Ordinarily, government should be taking care of roads in the streets and their rehabilitation but not entirely so anymore. These days people living in such places are saddled with the task of carrying out the rehabilitation of their roads.

This is more so in communities where some people are known to do that on their own or in groups. But these days, many of these roads or streets have been named after the rich who often leave these roads to go bad. One then wonders why they bothered to have the roads or streets named after them.

One would think that, having bought the roads or streets from the local government authorities, part of the deal should have been that such people should be maintaining such roads/streets. You cannot expect me to expend energy or resources fixing or patching my street if it bears someone’s name.
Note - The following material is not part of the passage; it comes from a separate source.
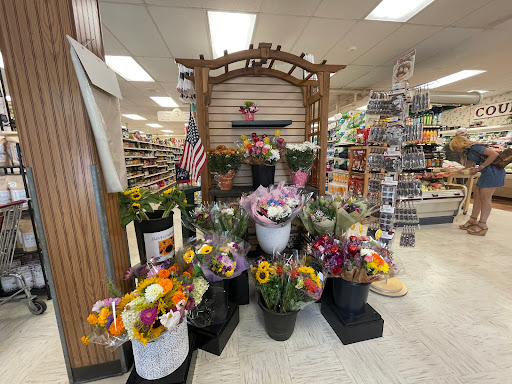 Grocery Store «Washington Food Market Inc», reviews and photos, 5 Bryan Hall Plaza, Washington Depot, CT 06794, USA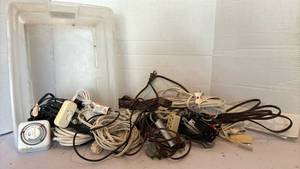 lot 3117 image: Mixed Lot of Extension Cords and Electrical Timer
Since government has ceased to care about such local roads/streets, I thought it would have been easier and better for them to compel those seeking to have such named after them to be taking care of the roads/streets.

I don’t think anyone can complain too much if given such a proposition; after all, publicity comes at a premium. This will help the government in taking care of some of their responsibilities too and also satisfy those in those places whose streets or roads have been named after individuals. I really cannot see the reason why anyone will press for a street/road to be named after them only to expect others in the area to be maintaining them for them. It just doesn’t add up, I tell you.

Evacuation of Anambra students in Jos, good move by Obiano

I was mighty pleased when I read the arrangement by the Anambra State Government to evacuate students of Anambra origin from the University of Jos, following the crisis in the state which prompted the closure of the university.

The state government is partnering with a renowned transport company, GUO, to bring the students back home. That’s an appropriate way to respond to an emergency and shows a government that cares and is responsive.

I give kudos to the state government for this initiative. It was well thought out indeed and I wish all the returning students a safe journey home.